The sad news, however, is that this is just a misconception. In fact, this is a dangerous misconception that can cause serious damage to your winch due to these two factors. First, the pulling power of your synthetic rope can decrease significantly.
Since you’re working with a long rope, the winch will have to work harder to turn the drum which is already overwhelmed with the extra-long rope. You see, the pulling power of a winch is usually high during the first initial wrap of the rope to the drum. As the wrapping continues, the pulling power starts to decrease. So, if you’re working with a long rope, then the pulling power will be very weak.
Another problem with using a long synthetic rope is that it can cause serious damage to the winch and the rope itself when recovering a vehicle in an extremely angled position. If you’re recovering your vehicle at a tight angle, spooling the synthetic rope evenly will be difficult causing the rope to spool on one end of the drum.
Since you’re dealing with an extra-long rope, the rope will continue spooling on one end until it gets to contact with the spreader bars. This can cause serious abrasion to the synthetic rope and potential damage to the winch.
So, how can you prevent this? Well, one way you can prevent this type of damage is to get a winch line that’s potentially shorter than the factory line. In most cases, the recommended size is anywhere from 10” to 20” shorter. By doing this, you won’t risk damaging the winch or the synthetic rope when performing tricky recovery procedures.
What if the synthetic rope gets too short? Well, in such a situation, getting a winch line extension is the best approach. Not only will it compensate for the reduced length, but it will also allow for more versatility when recovering your vehicle in tricky situations.
What About the Diameter?
Other than the size, the diameter of the synthetic rope you’re planning to get can have a huge significance on its overall performance. For instance, you might choose to get a synthetic line with a higher diameter to improve its strength. Although it’s fine to consider this approach, you have to decrease the length of the rope, on the other hand, to ensure that it fits perfectly on the drum.
So, to cut the long story short, a thick rope should be shorter while a thin rope should be longer. Other than the diameter, you need to calculate the working load limit in relation to the maximum breaking strength.
In most cases, the maximum breaking strength should be at least 1.5 to 2 times more than the pulling power of your winch. Supposing your winch has a pulling power of 9000lbs, then it means you’ll need to get a synthetic rope with a breaking strength of between 13,500lbs to 18,000lbs or higher.

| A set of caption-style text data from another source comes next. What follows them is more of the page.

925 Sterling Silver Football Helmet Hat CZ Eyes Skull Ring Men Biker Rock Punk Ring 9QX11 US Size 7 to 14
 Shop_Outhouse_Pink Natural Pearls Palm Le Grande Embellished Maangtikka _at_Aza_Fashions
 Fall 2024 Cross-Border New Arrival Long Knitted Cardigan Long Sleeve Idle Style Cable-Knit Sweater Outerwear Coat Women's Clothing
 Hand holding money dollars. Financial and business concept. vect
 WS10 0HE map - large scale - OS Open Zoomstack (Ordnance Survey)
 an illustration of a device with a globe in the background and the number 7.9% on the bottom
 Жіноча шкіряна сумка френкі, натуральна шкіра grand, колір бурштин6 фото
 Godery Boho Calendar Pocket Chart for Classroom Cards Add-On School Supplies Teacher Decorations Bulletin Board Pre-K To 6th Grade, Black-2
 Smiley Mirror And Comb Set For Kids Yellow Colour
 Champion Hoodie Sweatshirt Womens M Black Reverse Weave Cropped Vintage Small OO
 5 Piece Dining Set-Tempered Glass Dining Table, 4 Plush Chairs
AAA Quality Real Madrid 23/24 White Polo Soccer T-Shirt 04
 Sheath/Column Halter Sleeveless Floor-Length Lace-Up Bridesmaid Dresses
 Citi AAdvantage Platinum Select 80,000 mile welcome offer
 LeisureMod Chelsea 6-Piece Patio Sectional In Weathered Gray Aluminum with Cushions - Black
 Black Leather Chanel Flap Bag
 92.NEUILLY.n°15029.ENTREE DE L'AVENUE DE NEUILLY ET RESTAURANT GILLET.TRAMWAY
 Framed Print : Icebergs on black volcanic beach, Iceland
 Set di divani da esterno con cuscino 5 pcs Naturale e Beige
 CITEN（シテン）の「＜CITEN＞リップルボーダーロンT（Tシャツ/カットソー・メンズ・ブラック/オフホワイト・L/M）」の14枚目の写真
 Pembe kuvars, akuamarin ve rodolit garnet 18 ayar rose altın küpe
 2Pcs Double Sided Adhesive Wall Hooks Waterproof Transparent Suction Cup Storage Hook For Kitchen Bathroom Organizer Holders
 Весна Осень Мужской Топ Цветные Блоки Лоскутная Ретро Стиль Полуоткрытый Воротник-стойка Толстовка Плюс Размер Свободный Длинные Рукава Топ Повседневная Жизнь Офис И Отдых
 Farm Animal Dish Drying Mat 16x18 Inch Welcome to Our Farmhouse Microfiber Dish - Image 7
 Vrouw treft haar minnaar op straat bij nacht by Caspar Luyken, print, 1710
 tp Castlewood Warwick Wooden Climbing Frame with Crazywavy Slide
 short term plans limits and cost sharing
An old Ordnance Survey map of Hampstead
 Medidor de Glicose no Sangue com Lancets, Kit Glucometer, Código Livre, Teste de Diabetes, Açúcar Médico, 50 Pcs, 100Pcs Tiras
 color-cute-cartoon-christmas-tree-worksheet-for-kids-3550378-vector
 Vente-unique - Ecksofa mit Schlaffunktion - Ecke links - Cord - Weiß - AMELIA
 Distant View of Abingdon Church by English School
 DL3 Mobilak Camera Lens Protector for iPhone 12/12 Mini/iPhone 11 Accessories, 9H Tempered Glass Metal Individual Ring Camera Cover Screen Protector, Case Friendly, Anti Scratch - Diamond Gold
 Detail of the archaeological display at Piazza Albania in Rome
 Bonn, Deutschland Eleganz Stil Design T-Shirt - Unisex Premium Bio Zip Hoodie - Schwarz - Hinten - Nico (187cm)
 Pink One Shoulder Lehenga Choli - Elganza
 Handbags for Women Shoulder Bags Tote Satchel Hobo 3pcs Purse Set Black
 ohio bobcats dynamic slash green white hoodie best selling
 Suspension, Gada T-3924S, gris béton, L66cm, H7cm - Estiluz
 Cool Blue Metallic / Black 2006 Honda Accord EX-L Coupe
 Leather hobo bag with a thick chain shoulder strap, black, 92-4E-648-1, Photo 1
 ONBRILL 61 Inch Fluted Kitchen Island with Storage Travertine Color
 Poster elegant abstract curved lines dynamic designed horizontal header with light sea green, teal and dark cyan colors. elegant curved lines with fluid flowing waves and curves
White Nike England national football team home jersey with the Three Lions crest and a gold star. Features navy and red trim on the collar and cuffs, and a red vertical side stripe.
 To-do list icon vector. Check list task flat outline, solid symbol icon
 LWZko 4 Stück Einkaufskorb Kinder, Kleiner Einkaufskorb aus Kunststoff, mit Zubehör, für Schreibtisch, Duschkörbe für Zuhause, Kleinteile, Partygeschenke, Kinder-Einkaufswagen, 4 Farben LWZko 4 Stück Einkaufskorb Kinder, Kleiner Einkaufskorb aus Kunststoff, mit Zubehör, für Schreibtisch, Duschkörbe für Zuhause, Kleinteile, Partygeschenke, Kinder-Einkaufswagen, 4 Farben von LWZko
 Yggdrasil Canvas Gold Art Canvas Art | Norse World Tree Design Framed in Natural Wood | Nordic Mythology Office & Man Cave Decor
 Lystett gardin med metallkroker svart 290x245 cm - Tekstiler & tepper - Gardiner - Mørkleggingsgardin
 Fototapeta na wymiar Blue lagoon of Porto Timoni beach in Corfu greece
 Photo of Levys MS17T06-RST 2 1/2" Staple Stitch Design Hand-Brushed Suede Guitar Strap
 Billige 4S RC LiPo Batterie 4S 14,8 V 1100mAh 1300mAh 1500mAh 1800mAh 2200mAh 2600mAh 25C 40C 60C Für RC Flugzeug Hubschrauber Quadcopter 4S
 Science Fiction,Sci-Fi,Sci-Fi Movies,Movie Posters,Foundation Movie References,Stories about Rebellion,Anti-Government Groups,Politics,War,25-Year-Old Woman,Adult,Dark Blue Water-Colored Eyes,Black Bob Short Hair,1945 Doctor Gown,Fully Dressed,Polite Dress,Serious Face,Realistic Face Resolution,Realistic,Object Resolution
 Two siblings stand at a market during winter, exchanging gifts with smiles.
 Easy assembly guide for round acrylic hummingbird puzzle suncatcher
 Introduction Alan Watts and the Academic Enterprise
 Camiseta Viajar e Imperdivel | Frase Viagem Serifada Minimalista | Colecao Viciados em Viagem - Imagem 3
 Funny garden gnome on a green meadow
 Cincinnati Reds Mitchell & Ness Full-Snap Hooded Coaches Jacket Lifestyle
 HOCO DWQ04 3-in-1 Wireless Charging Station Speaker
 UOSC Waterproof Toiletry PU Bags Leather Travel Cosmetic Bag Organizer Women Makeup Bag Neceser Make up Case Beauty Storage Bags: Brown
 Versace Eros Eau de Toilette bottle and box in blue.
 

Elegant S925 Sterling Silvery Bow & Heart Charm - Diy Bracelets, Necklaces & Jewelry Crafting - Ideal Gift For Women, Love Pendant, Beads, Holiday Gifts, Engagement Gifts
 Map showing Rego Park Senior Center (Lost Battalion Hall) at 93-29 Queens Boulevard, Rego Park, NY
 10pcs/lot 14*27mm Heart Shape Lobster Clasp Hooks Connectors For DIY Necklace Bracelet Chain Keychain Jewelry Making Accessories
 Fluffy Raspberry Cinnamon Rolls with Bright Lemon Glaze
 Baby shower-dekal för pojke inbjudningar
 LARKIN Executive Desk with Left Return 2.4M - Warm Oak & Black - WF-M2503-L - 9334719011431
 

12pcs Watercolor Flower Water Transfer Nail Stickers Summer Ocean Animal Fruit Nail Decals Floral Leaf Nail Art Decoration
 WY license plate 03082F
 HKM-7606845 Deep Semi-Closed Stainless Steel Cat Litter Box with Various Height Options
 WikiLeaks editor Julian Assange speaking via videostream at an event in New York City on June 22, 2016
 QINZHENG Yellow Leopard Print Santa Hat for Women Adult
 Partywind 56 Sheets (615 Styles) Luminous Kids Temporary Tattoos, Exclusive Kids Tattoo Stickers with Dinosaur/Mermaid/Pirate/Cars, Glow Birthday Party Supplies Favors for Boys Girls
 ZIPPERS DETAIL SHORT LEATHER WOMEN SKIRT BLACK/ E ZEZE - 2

As you can see, choosing a synthetic winch rope for your winch is not a simple process. There are many factors you need to consider such as the size, the diameter, color, heat factor, and the ratio of the breaking strength and the pulling power.
Another factor you must consider besides the five we’ve mentioned is synthetic rope vs. steel wire cable. Although steel cables were hugely considered in the past, they have one major detriment. They store a lot of energy when stretched. This energy can cause them to snap/break causing serious injuries.
On the other hand, synthetic ropes are lighter and don’t hold much tension. This makes them less susceptible to breakage hence the safest to use in recovery procedures.